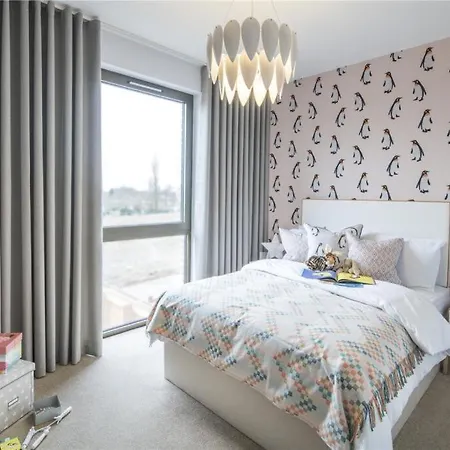 Private And Gated Family - Sleeps 6 펜션 *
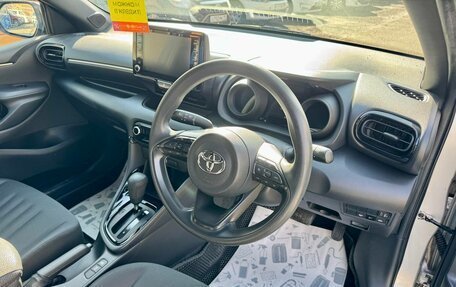 Toyota Yaris, 2020 год, 1 299 000 рублей, 12 фотография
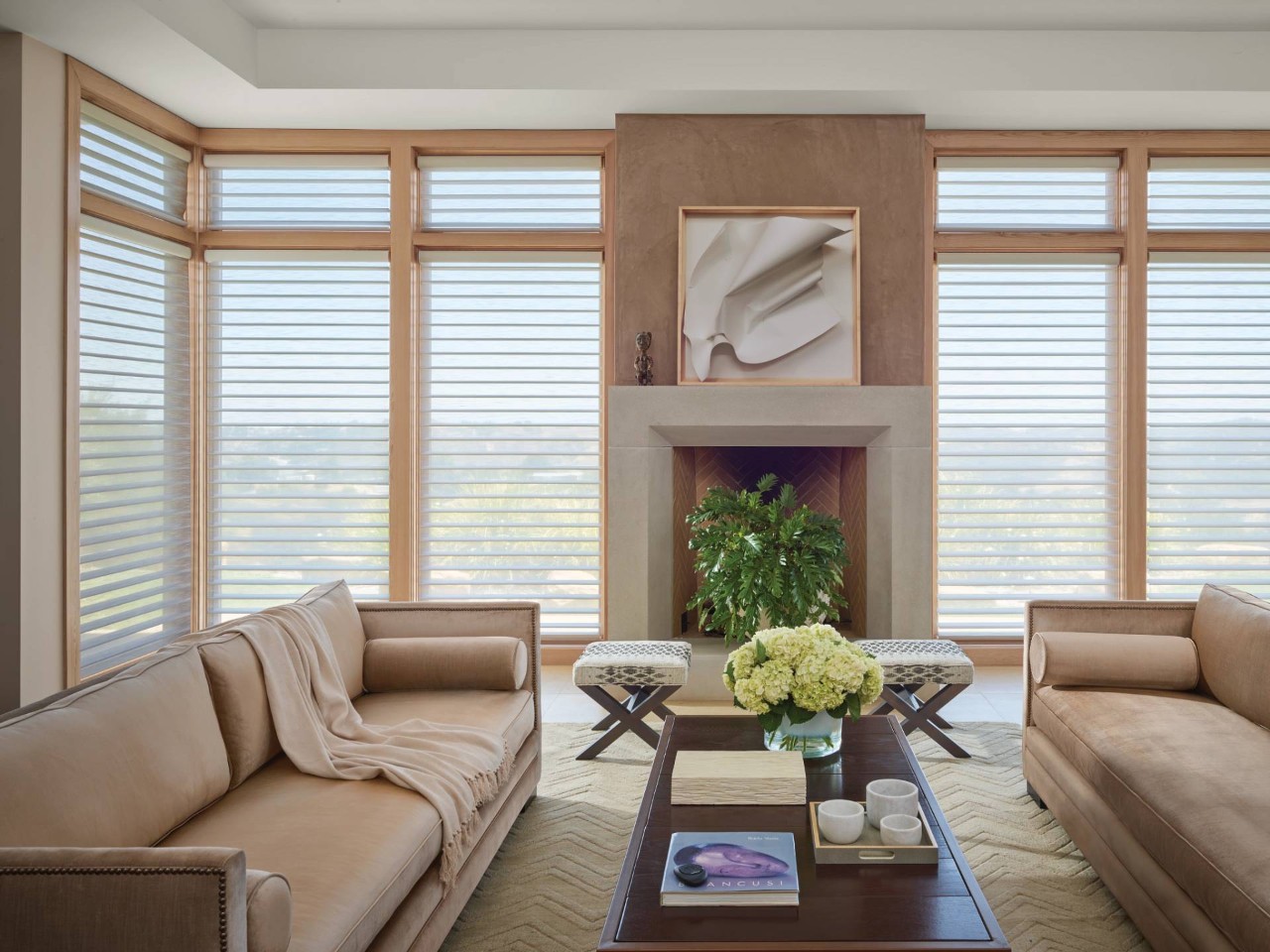 Hunter Douglas PowerView® Automation on a window treatment near Kennebunk, Maine (ME)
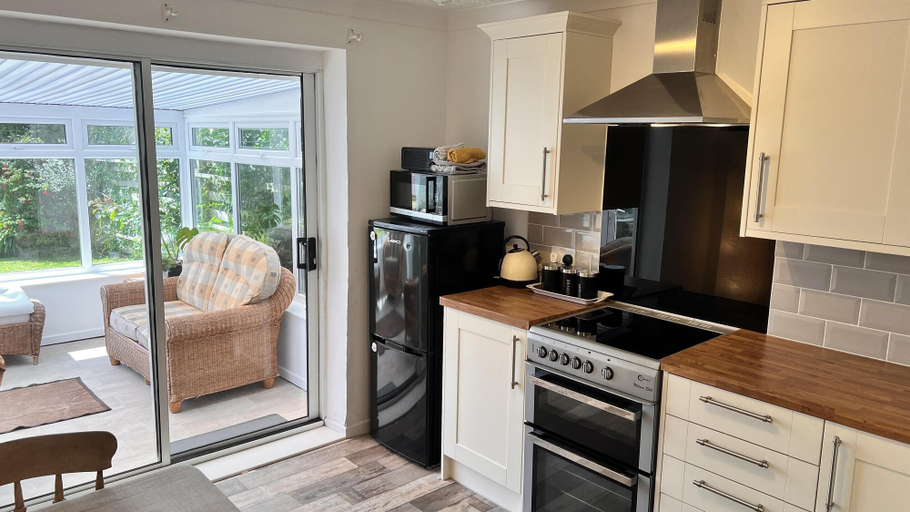 Private kitchen 2, 2 Bed Family Bungalow, Wifi, Parking, Garden, Dogs, Anglesey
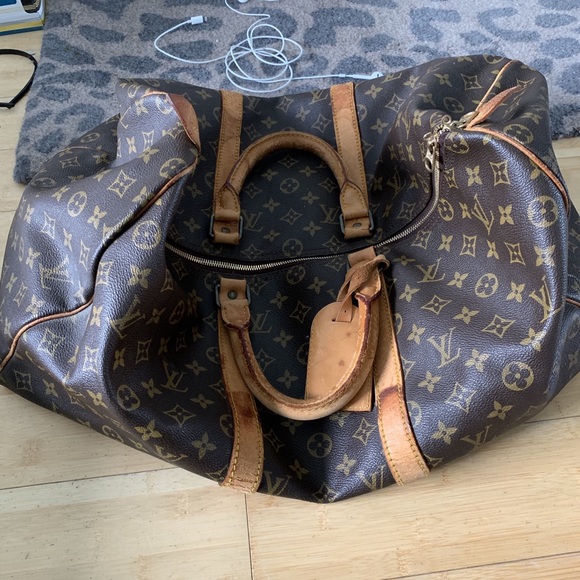 Louis Vuitton Handbags - Louis Vuitton keepall
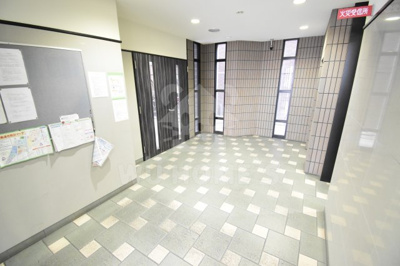 【エントランス】 | エスリード梅田西第３ | 建物の内部です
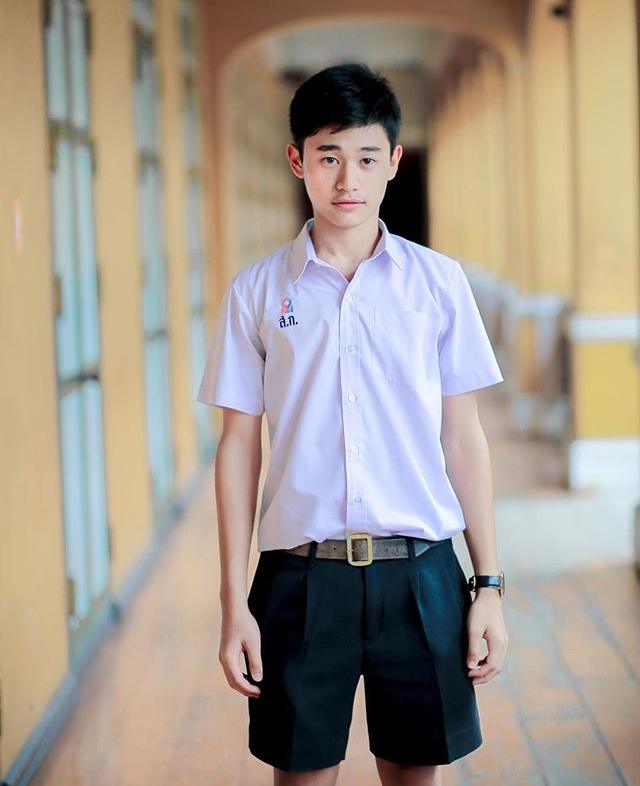 เด็ก(ไม่)น้อย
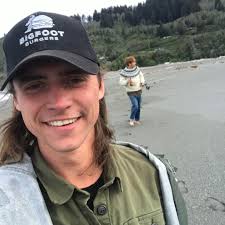 Have you ever started for a new company and the boss tells you “ you're not  allowed to discuss pay with the other guys” Someone's getting screwed 😂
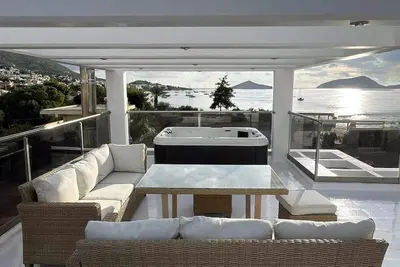 Image de Allure Villa Porto Rafti, the Beach is 2min away on foot & near airport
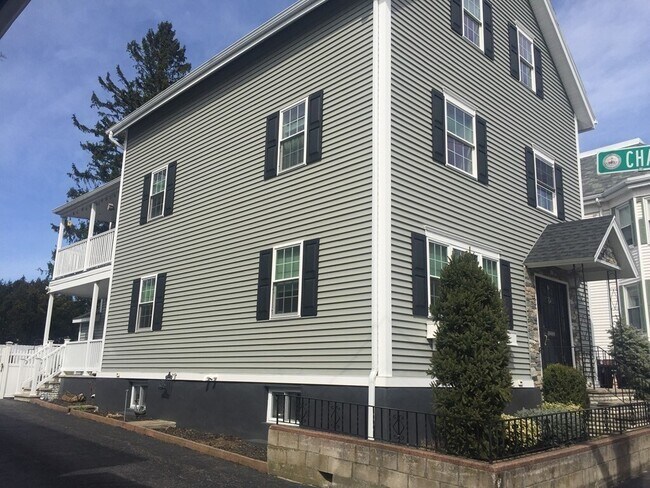 Building Photo - 20 Symonds St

→ Exercise directions
What's needed is every line above, retyped exactly and free of pictures.

→ Written solution
 Private And Gated Family - Sleeps 6 펜션 *
 Toyota Yaris, 2020 год, 1 299 000 рублей, 12 фотография
 Hunter Douglas PowerView® Automation on a window treatment near Kennebunk, Maine (ME)
 Private kitchen 2, 2 Bed Family Bungalow, Wifi, Parking, Garden, Dogs, Anglesey
 Louis Vuitton Handbags - Louis Vuitton keepall
 【エントランス】 | エスリード梅田西第３ | 建物の内部です
 เด็ก(ไม่)น้อย
 Have you ever started for a new company and the boss tells you “ you're not  allowed to discuss pay with the other guys” Someone's getting screwed 😂
 Image de Allure Villa Porto Rafti, the Beach is 2min away on foot & near airport
 Building Photo - 20 Symonds St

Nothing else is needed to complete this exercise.